A positive side of this civilizational and religious repentance will be the amazing growth of wholesome rural culture. Life in the countryside will flourish. Industrial agribusiness is the modern scientific form of a pattern of expropriation imposed on the horticultural and agricultural villages five thousand years ago by feral bandits. Lifting that expropriation will liberate the reconstruction of the countryside. Knowing the history and methodology of that expropriation makes liberation possible and plain. Not knowing the history tends to keep us in mythological pickle brine, ignorant of what occurred before we were born.

So here’s some of what we need. Local markets. Farmers markets. Enough young folks in the countryside to build beautiful new schools with ecological focus—and a whole lot less rigid (even pathological) compulsion. Solar Panels. Wind generators. Farming that’s both small-scale and cooperative, with a strong emphasis on community self-provisioning. Throw in some well-formulated universal healthcare. Our task is the rebuilding, the renewal, the reconstruction of rural culture in ways that are enormously more gender and racial friendly. The next transformational step in democracy is the undoing of the congenital diseases of Class and War and the restoration of rural culture. It’s time to liberate the peasants after five thousand years of civilized captivity.

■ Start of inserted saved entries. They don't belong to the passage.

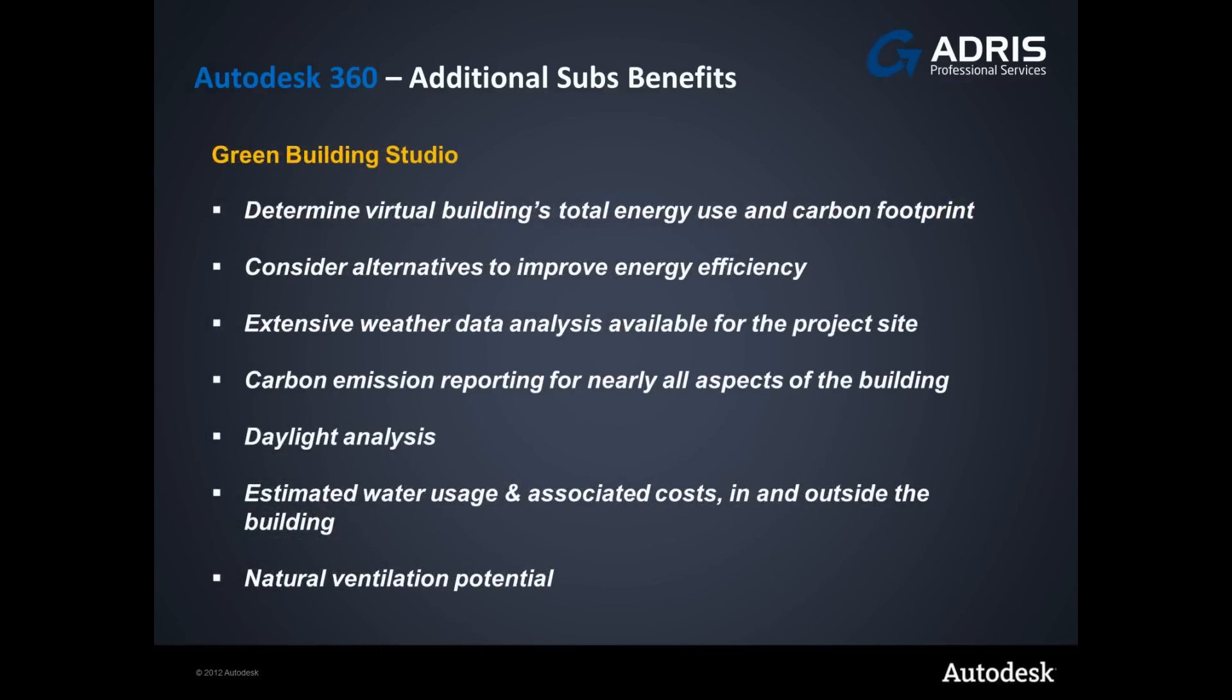Utilizing the Autodesk 360 energy analysis at its core, you also have available to you Green Building Studio, an analysis package allowing you to determine the virtual building's total energy use and carbon footprint, consider alternatives to improve energy efficiency, extensive weather data analysis for the project site, carbon emission reporting for nearly all aspects of the building, daylight analysis, estimated water usage and associated costs in and outside of the building, and natural ventilation potential.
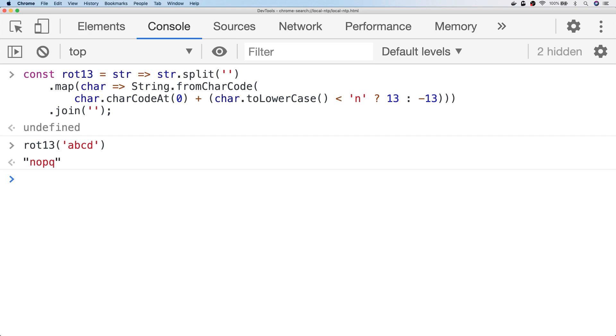Neither approach is wrong or right. As mentioned, the first is probably more performant and the second is a little bit neater. It's really down to your personal preference how you want to code your ROT13 implementation.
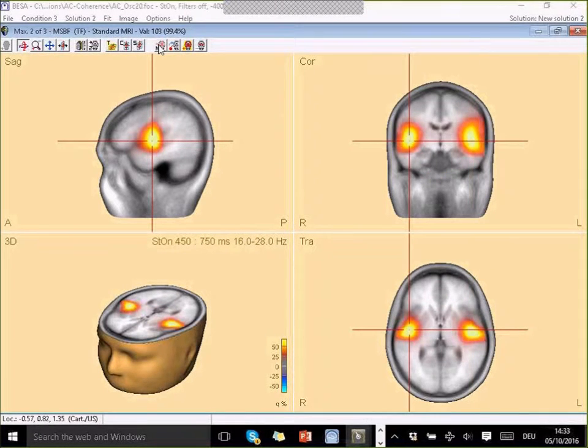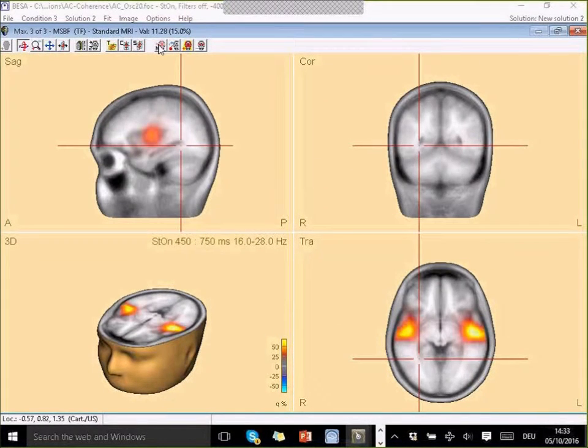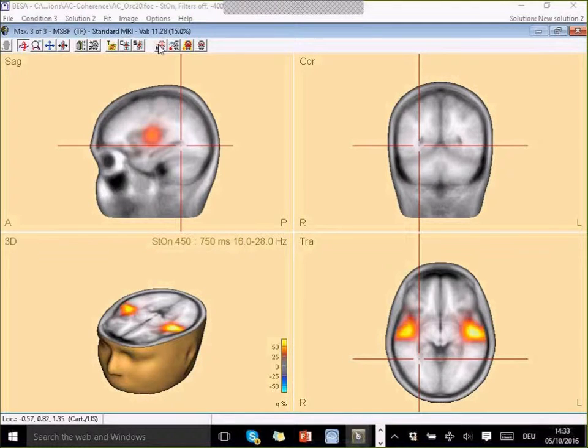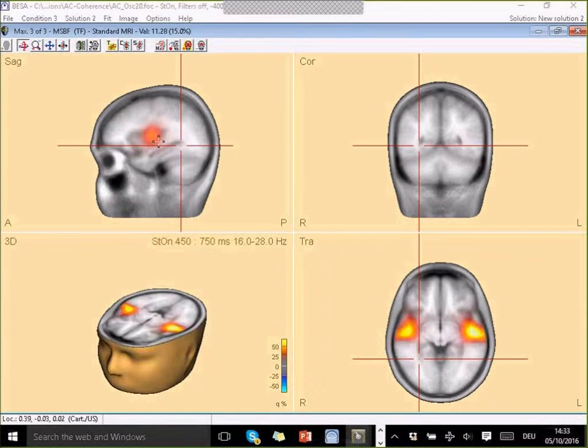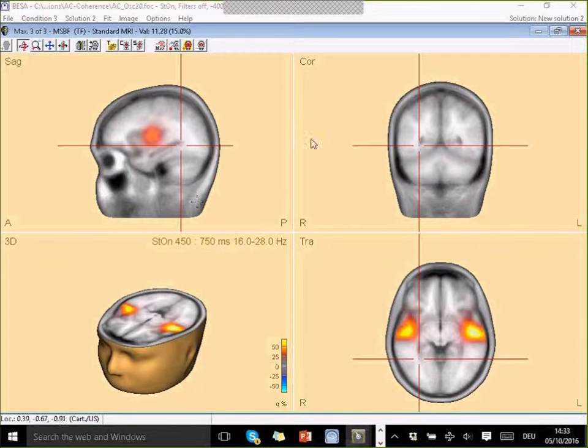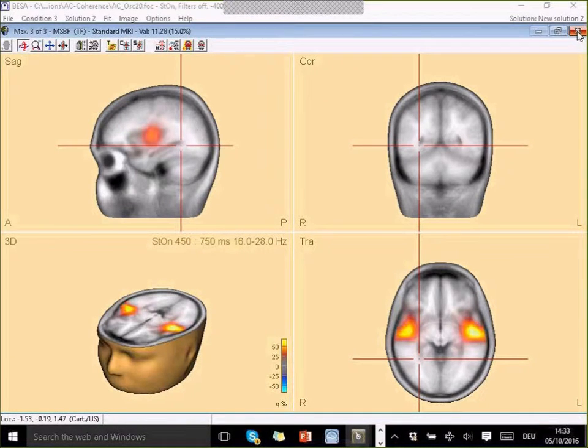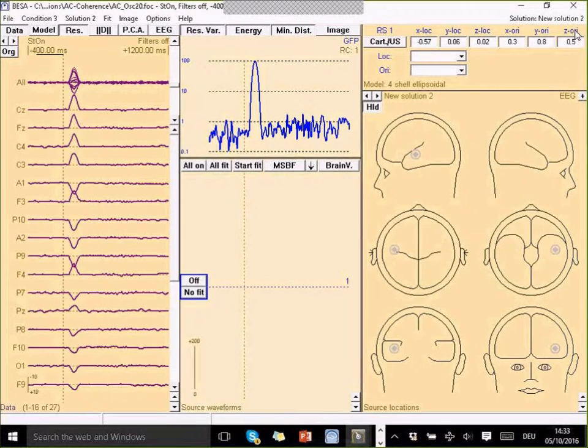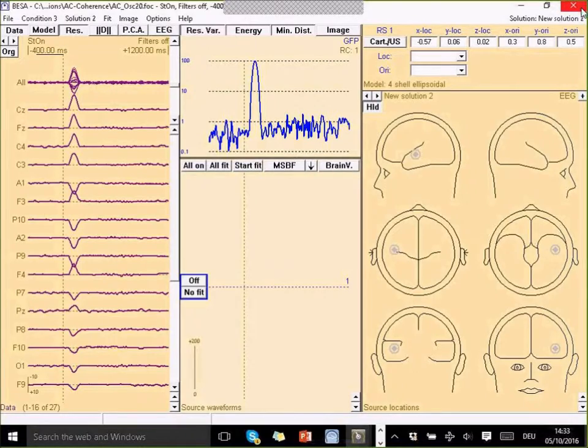I can see the two maxima very nicely activated around about where my sources were simulated. And the third maximum is very small, so it's negligible here.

I was literally thrilled when I first heard about the new CSAs Stoney Acres, Red Door, and Cat Tails, and about the folks—Greg and Wendy Galbraith—who developed their own form of rotational grazing for their dairy cows. These are just the beginning of a vast and comprehensive rural revival. I will by no means live long enough to see that revival in full bloom. But the alternative to that bloom—the human-induced ecological corruption of our earthly home—is a moral and ethical sickness, an ideological and mythological plague, that we cannot allow to succeed: as if toxic global death could ever be called success.